╭─ Entries provided

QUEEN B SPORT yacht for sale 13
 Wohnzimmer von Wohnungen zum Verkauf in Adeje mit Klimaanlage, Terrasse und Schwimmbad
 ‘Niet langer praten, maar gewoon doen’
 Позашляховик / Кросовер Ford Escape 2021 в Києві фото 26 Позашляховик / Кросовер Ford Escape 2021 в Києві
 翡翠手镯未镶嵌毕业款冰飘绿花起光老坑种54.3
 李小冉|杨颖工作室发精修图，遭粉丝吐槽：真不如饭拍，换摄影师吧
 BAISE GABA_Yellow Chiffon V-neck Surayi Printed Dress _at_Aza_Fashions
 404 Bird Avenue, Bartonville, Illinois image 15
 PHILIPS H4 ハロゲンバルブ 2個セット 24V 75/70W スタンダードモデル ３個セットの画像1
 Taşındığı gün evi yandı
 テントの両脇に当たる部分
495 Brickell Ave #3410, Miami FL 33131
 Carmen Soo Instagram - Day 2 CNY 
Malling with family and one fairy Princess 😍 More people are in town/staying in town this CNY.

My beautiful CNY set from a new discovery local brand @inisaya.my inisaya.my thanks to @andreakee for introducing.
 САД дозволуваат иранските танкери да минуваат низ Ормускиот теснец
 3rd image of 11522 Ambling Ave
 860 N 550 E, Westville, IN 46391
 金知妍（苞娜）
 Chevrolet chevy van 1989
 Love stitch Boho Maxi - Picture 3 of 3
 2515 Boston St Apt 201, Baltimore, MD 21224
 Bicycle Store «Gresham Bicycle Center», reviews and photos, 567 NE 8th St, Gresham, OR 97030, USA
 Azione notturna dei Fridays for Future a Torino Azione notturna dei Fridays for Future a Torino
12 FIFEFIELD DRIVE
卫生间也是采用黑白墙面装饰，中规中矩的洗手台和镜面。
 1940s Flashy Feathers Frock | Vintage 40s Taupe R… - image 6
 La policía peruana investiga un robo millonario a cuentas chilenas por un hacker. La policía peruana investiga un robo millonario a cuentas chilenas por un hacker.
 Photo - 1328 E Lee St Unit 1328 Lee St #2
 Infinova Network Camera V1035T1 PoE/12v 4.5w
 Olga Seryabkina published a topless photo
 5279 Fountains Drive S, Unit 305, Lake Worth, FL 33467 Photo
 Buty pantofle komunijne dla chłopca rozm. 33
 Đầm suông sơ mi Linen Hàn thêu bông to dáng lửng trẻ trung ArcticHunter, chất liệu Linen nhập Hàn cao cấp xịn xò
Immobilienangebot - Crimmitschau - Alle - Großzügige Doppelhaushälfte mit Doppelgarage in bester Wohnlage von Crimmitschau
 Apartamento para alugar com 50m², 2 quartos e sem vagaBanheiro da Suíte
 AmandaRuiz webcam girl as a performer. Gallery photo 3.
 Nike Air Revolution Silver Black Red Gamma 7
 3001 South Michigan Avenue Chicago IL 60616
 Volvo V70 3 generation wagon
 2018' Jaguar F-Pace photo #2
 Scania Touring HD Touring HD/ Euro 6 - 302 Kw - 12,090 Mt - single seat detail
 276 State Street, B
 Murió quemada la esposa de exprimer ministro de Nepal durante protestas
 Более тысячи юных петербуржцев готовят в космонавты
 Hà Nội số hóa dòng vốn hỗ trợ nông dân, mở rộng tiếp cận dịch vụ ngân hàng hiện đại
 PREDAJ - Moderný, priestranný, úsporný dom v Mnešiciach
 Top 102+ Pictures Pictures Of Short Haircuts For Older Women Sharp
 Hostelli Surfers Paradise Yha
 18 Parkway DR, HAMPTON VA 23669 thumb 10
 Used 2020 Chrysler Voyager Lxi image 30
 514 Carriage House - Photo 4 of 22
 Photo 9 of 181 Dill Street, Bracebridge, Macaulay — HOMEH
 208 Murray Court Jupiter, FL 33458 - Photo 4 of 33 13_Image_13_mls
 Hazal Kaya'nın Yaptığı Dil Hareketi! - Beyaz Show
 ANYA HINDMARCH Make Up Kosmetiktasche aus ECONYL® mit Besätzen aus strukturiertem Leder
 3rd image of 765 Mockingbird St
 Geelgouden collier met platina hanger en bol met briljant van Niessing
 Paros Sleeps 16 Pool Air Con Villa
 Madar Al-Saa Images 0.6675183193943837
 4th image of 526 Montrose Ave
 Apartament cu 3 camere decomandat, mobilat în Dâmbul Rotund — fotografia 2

╰─

- _Task objective_:
Nothing but a number should be given: how many lines of the material contain "Street".

- _Completed exercise_:
2